Weil der Blattkaktus weder giftig noch stachelig ist und ohnehin am liebsten hängend kultiviert wird, lässt er sich flexibel platzieren – in einer Ampel außer Reichweite oder auf einem hohen Regal, wo die Triebe frei herabfallen können und gleichzeitig für Tiere schwer erreichbar sind. Wer sein Zuhause gezielt haustierfreundlich begrünen möchte, findet in der Collection ungiftige Pflanzen für Katzen viele weitere sichere Arten – darunter Grünlilie, Calathea und verschiedene Farne.
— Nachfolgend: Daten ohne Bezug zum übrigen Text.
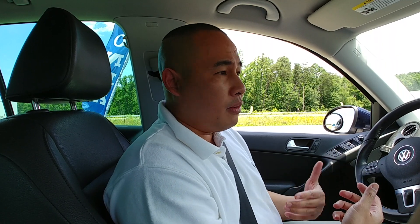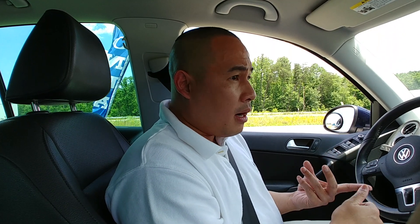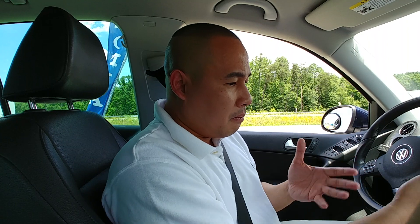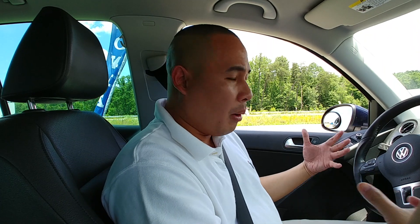Is VW repair expensive? It can be very expensive, but it's the same as any other car when you take it to the dealer. Whether it's Toyota, Chrysler, or VW, they charge the same labor rates. Changing a turbo is a pain in the neck — you have to remove the air box, intake manifold, and a lot of other stuff. I don't recommend doing it yourself unless you're an experienced mechanic.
So lässt sich ein grünes, blühfreudiges Zuhause gestalten, ohne ständig kontrollieren zu müssen, ob Katze oder Hund an den Blättern waren. Gerade in Haushalten mit jungen Tieren oder kleinen Kindern nimmt der ungiftige Blattkaktus damit eine Sorge von der Pflanzenliste.

Für welche Räume eignet sich Epiphyllum Pumilum?
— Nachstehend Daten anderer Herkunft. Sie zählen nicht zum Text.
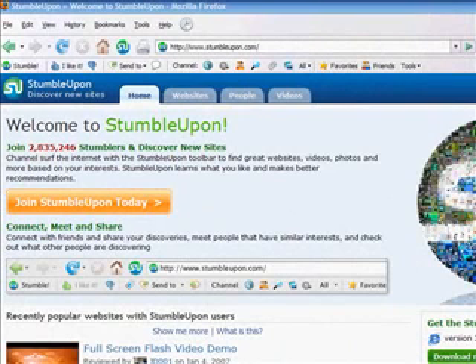Often I tell people I stumbled across a website the other day, and I tell them all about it, and they don't realize that I wasn't just speaking figuratively — I was also speaking literally. I find websites all the time using a tool called Stumble, or StumbleUpon.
Epiphyllum Pumilum eignet sich für alle hellen Wohnräume, in denen seine herabhängenden Triebe zur Geltung kommen – am schönsten in einer Blumenampel oder auf einem hohen Regal, von dem die Kaskade frei herabfallen kann. Im Wohnzimmer setzt der Blattkaktus an einem Ost- oder Westfenster einen lebendigen, exotischen Akzent, im Arbeitszimmer bringt er Grün auf Augenhöhe, ohne viel Platz am Boden zu beanspruchen. Besonders reizvoll ist ein Platz im Schlafzimmer: Dort kommt der süße Abendduft der Nachtblüten gut zur Geltung, und der oft kühlere, ungeheizte Raum eignet sich zugleich als idealer Ort für die wichtige Winterruhe. Auch ein heller Wintergarten oder ein lichtes Treppenhaus passt gut zu dieser Sorte und bietet im Winter die nötige Kühle. Im Bad oder in der Küche kommt der Blattkaktus mit dem Klima ebenfalls zurecht, solange genug Tageslicht vorhanden ist.
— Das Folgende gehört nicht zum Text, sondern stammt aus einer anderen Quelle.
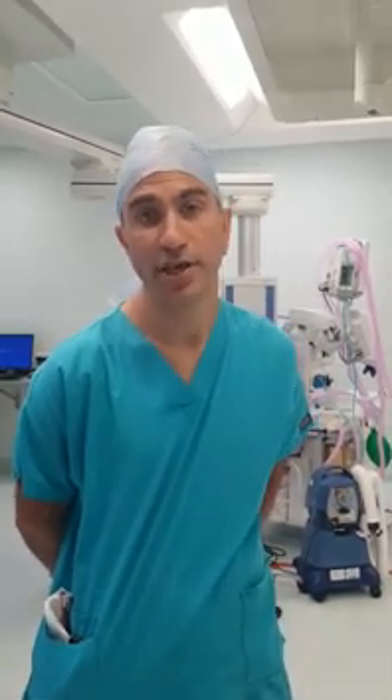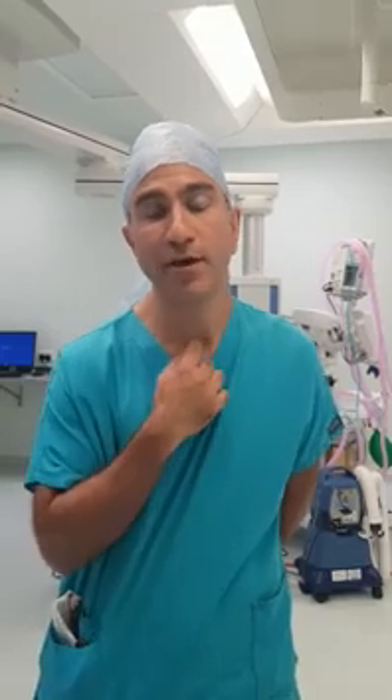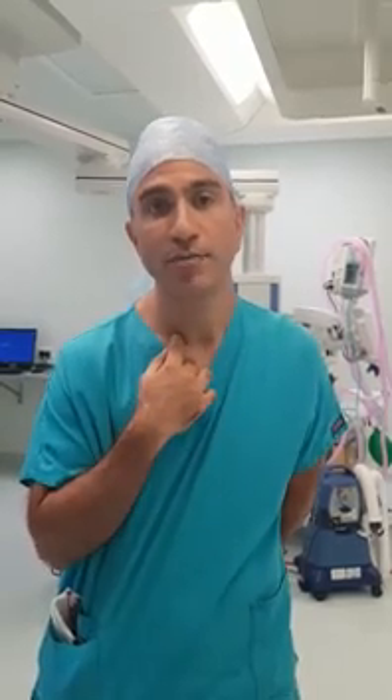Thyroid surgery I would describe as a moderate-sized surgery, and people make a very good recovery. Within two weeks they're usually back to normal activities. We tend to put clips in after the operation, which can be easily removed by your GP nurse as early as 48 hours after surgery. Stereostrips can then be placed upon them. We tend to say not to soak the wound until about five days later, when the stereostrips can come off and things start getting back to normal.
Weniger geeignet sind dunkle Ecken ohne Tageslicht sowie vollsonnige Südfenster ohne jeden Schutz, weil dort entweder die Blüte ausbleibt oder die Triebe verbrennen. Der Orchideenkaktus reinigt die Raumluft nur in geringem Maß, punktet dafür aber mit seinem ungewöhnlichen Wuchs und der duftenden Blüte, die ihn von gewöhnlichen Grünpflanzen abhebt. Wer eine pflegeleichte, ungiftige und ausgefallene Pflanze mit Charakter sucht, trifft mit Epiphyllum Pumilum eine dankbare Wahl. Hältst du Standort, mäßiges Gießen und die kühle Winterruhe ein, belohnt dich der Blattkaktus über Jahre mit üppigen Trieben und seinen besonderen Nachtblüten – eine Pflanze, die wenig fordert und mit ihrem Duft ein kleines Ereignis schafft. Weitere ausgefallene Sorten findest du unter seltene Zimmerpflanzen.

FAQ

Häufige Fragen zu dieser Pflanze.

Wie oft muss ich Epiphyllum Pumilum gießen?
Der Wasserbedarf ist mäßig. Richtwert: Etwa alle 1,5 Wochen. Erst gießen, wenn die obere Erdschicht (2 cm) angetrocknet ist. Staunässe vermeiden. Mach den Fingertest statt nach festem Kalender zu gießen.
Welchen Standort braucht Epiphyllum Pumilum?
Epiphyllum Pumilum kommt mit halbschattigen Standorten gut zurecht. Hell bis halbschattig ohne direkte Mittagssonne ist ideal — direkte Sonne kann die Blätter ausbleichen. (Hell bis halbschattig, kein Direktlicht.)
Ist Epiphyllum Pumilum giftig für Haustiere?
Nein, Epiphyllum Pumilum gilt als ungiftig für Katzen, Hunde und Kleinkinder und eignet sich auch für den Bodenbereich. Größere Mengen sollten Tiere trotzdem nicht fressen.
Warum werden die Blätter von Epiphyllum Pumilum weich oder glasig?
Das ist fast immer Überwässerung. Lass das Substrat zwischen den Wassergaben gut durchtrocknen, nutze durchlässige Kakteenerde und entferne matschige Teile. Im Winter sehr sparsam gießen.
Wie groß wird Epiphyllum Pumilum und wie fördere ich das Wachstum?
Epiphyllum Pumilum wächst moderat. Sie wird bis ca. 60 cm. In der Wachstumsphase (Frühjahr–Sommer) selten düngen; im Winter Ruhephase mit weniger Wasser und ohne Dünger.